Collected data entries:
========================================

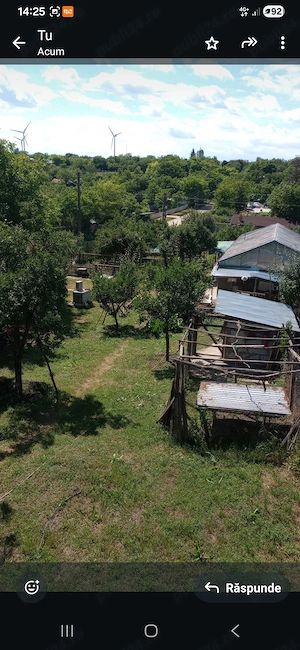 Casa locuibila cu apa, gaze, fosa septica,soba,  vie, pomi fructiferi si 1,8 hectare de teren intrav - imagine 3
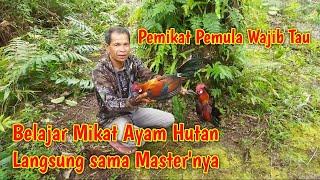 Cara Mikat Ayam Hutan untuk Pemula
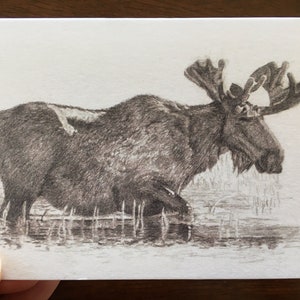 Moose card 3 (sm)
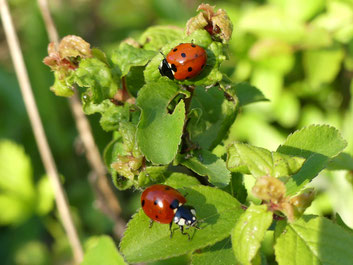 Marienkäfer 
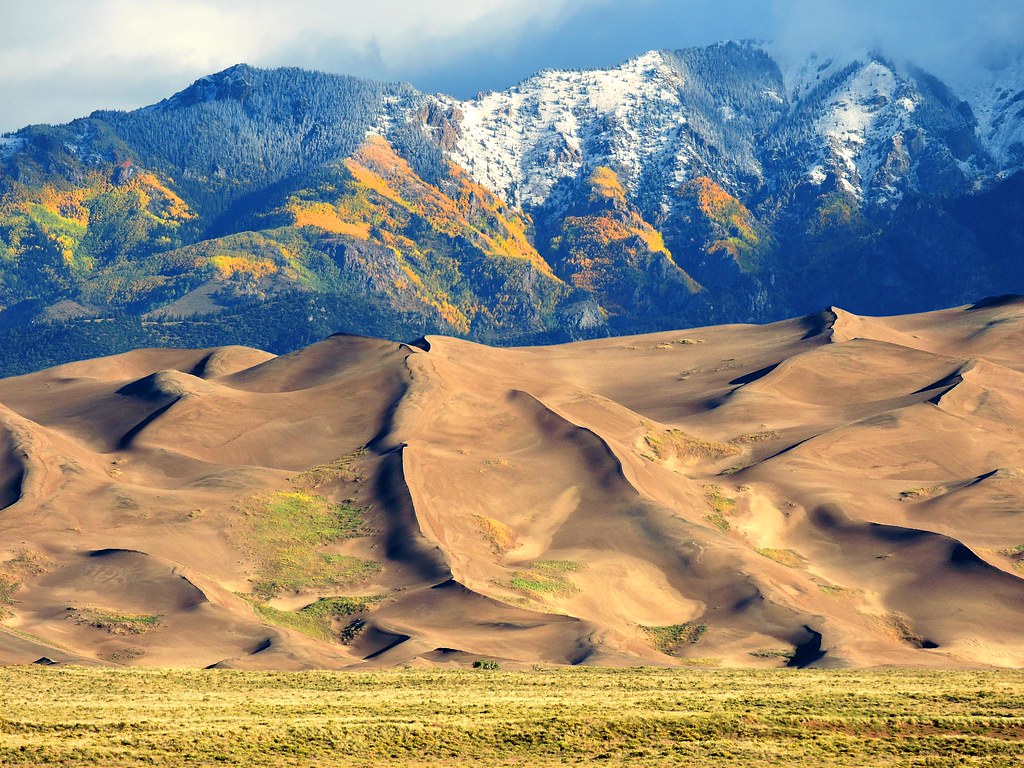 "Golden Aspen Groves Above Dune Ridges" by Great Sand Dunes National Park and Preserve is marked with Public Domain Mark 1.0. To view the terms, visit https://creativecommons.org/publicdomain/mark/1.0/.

========================================

## Assignment
Reproduce the records verbatim, omitting all images they contain.

## Answer to the exercise
 Casa locuibila cu apa, gaze, fosa septica,soba,  vie, pomi fructiferi si 1,8 hectare de teren intrav - imagine 3
 Cara Mikat Ayam Hutan untuk Pemula
 Moose card 3 (sm)
 Marienkäfer 
 "Golden Aspen Groves Above Dune Ridges" by Great Sand Dunes National Park and Preserve is marked with Public Domain Mark 1.0. To view the terms, visit https://creativecommons.org/publicdomain/mark/1.0/.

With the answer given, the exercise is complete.